E lembra um estudo que coordenou para quantificar os verdadeiros impactos de um aeroporto no Montijo com aviões a sobrevoar a área protegida.
"Esses estudos revelam que os impactos são muito maiores do que aqueles que tinham sido detetados", dando argumentos ao ICNF para a decisão que agora tomou, diz, explicando que ao contrário do que sugeria o EIA a população de maçarico-de-bico-direito não seria afetada entre 0,5 a 5% mas sim em pelo menos 68%.
"Ter um aeroporto em que as aeronaves iriam sobrevoar uma área protegida é algo de contrassenso".
E com um aeroporto no Montijo, segundo o proposto, "as aeronaves iriam sobrevoar a área protegida" mal saíssem da pista, a uma altitude de 200 metros, produzindo níveis de ruído que iriam afetar as aves.
José Alves, binóculos ao peito, mostra à Lusa na zona da Ponta D´Erva os bandos de maçaricos, mas não é só deles que fala quando explica a avifauna do estuário. Como a dar-lhe razão milhares de patos (pato-trombeteiro, Spatula clypeata) levantam voo, assustados por um carro, e pousam num campo mais longe. Em abril também eles levantarão voo para outros campos, na Rússia.
E um aeroporto em Alcochete? "Há de ter outros problemas", considera.
Mas a localização Montijo, garante, "é muito má".
Em 2020 milhares de neerlandeses juntaram-se para a contestar (assinando numa petição). Mais uma vez em causa o maçarico-de-bico-direito, a ave nacional dos Países Baixos. Eram 200 mil no passado e hoje são 66 mil exemplares.
Apesar do decréscimo, a ave tem um estatuto apenas de "quase ameaçada", mas José Alves acredita que se a tendência de declínio se mantiver poderá passar para o estatuto de ameaçada.
A Reserva Natural do Estuário do Tejo abrange mais de 14 mil hectares e engloba lezíria, esteiros, mouchões sapais ou salinas. O próprio ICNF reconhece que a sua grande importância se relaciona com a avifauna, incluindo o maçarico, também chamado milherango.
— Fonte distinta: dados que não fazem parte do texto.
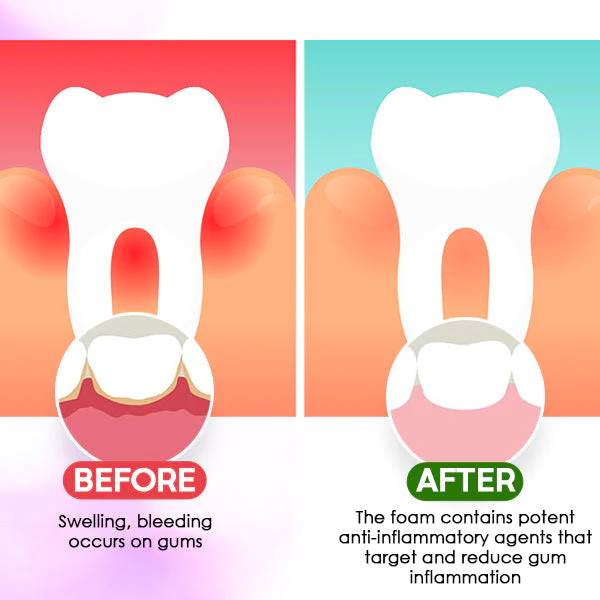 Gum Treatment Foam - Image 6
José Alves sobe várias vezes a uma espécie de torres de observação, na verdade comportas para regular a água nos campos de arroz. É neles que os maçaricos descansam agora, onde comem o arroz que sobrou das colheitas para aguentarem o regresso a casa.
Há bandos ao longe, aponta. Mas também outras aves, conhece-as de cor, ali uma água pesqueira (Pandion haliaetus), acolá um abibe (Vanellus vanellus), mais ao longe um pequeno grupo de íbis (plegadis falcinellus).
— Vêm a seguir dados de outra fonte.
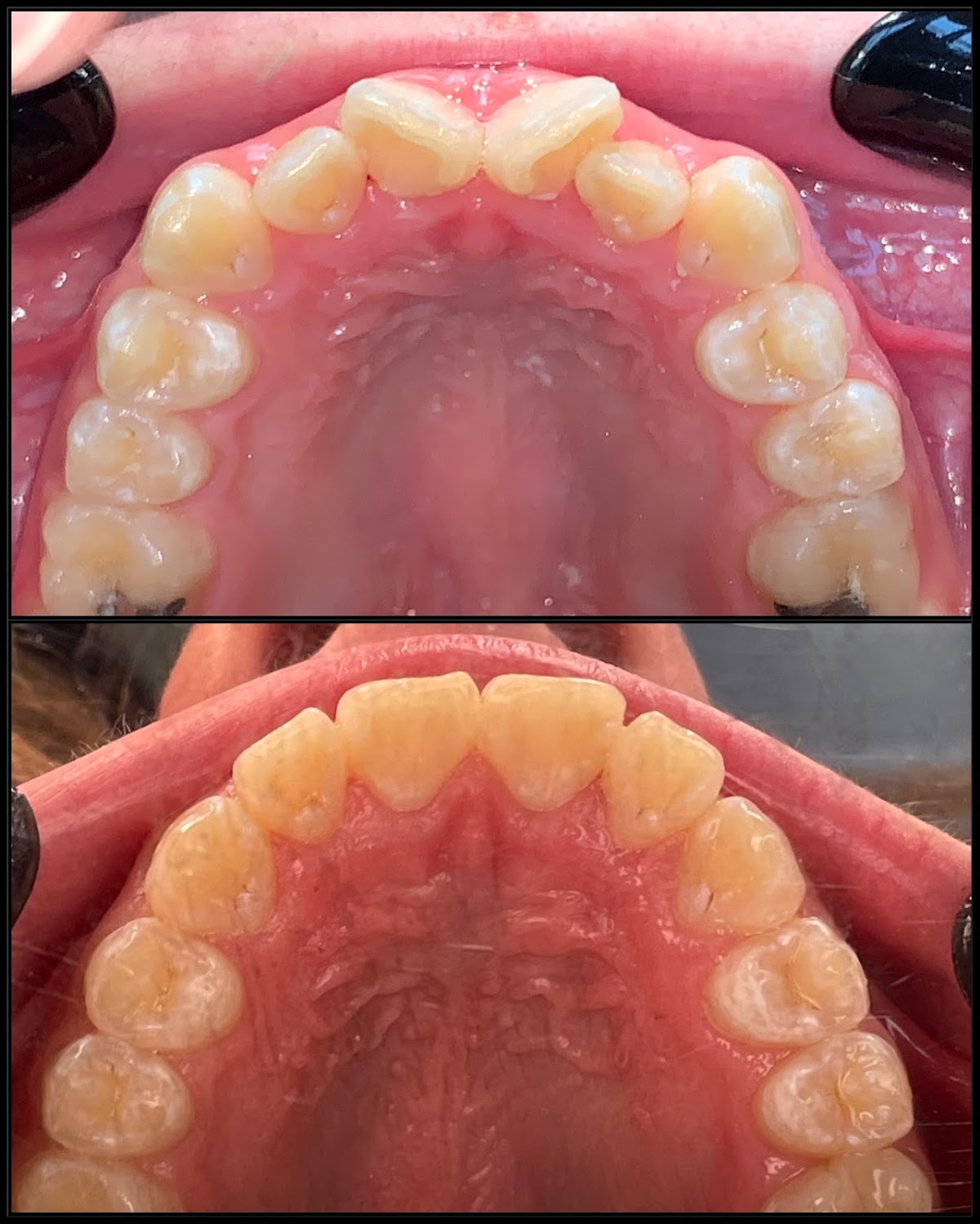 Rapid City Smiles: Implant & Family Dentistry photo 3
"De um modo geral estas espécies de aves aquáticas, e particularmente aves limícolas (das zonas húmidas), estão em declínio", pela perda de habitats, pela pressão urbana sobre as zonas húmidas.
É por elas mas também pelos habitats, que foram considerados importantes e designada zona protegida, que o estuário não pode ter um aeroporto, justifica o biólogo.
"Se nas zonas protegidas podemos construir aeroportos, que vão ter efeitos negativos nessas zonas, então fora delas podemos fazer tudo o que quisermos. Eu sou da parte da população portuguesa que acha que é importante preservar a biodiversidade".
E o estuário do Tejo, alvo de todas as proteções, diz o responsável que o é também de todas as pressões, da urbanística à recreativa ou à utilização dos recursos.
Na zona dos arrozais, que começa a ser trabalhada a partir de março, quando as aves já foram embora, não se nota a pressão, não fosse uma avioneta passar algumas vezes, voos de treino do aeródromo ali ao lado. Não perturbam as aves? Claro que perturbam, responde.
Sem o avião ouve-se o bater metálico de um antigo moinho de vento para tirar água, ouvem-se as aves, veem-se ao longe as torres de uma cimenteira junto a Vila Franca de Xira, as nuvens a parecerem fumo que sai das chaminés.
Num dos campos de arroz descansam 15 mil maçaricos-de-bico-direito. A presença humana, excecionalmente, não parece incomodá-los.
A ave é desde este mês objeto de um programa de conservação que envolve Portugal, Países Baixos, Alemanha e Gâmbia, no valor de 15 milhões de euros, a sete anos, o "LIFE Godwit Flyway".
Em Portugal o apoio vai servir para recuperar habitats e sistemas hídricos e para gerir os arrozais.
Tudo isso e o chumbo de um aeroporto por causa de um passarinho? José Alves sorri. "Mais do que um passarinho é uma bandeira, é uma declaração de Portugal a dizer que dá valor à biodiversidade".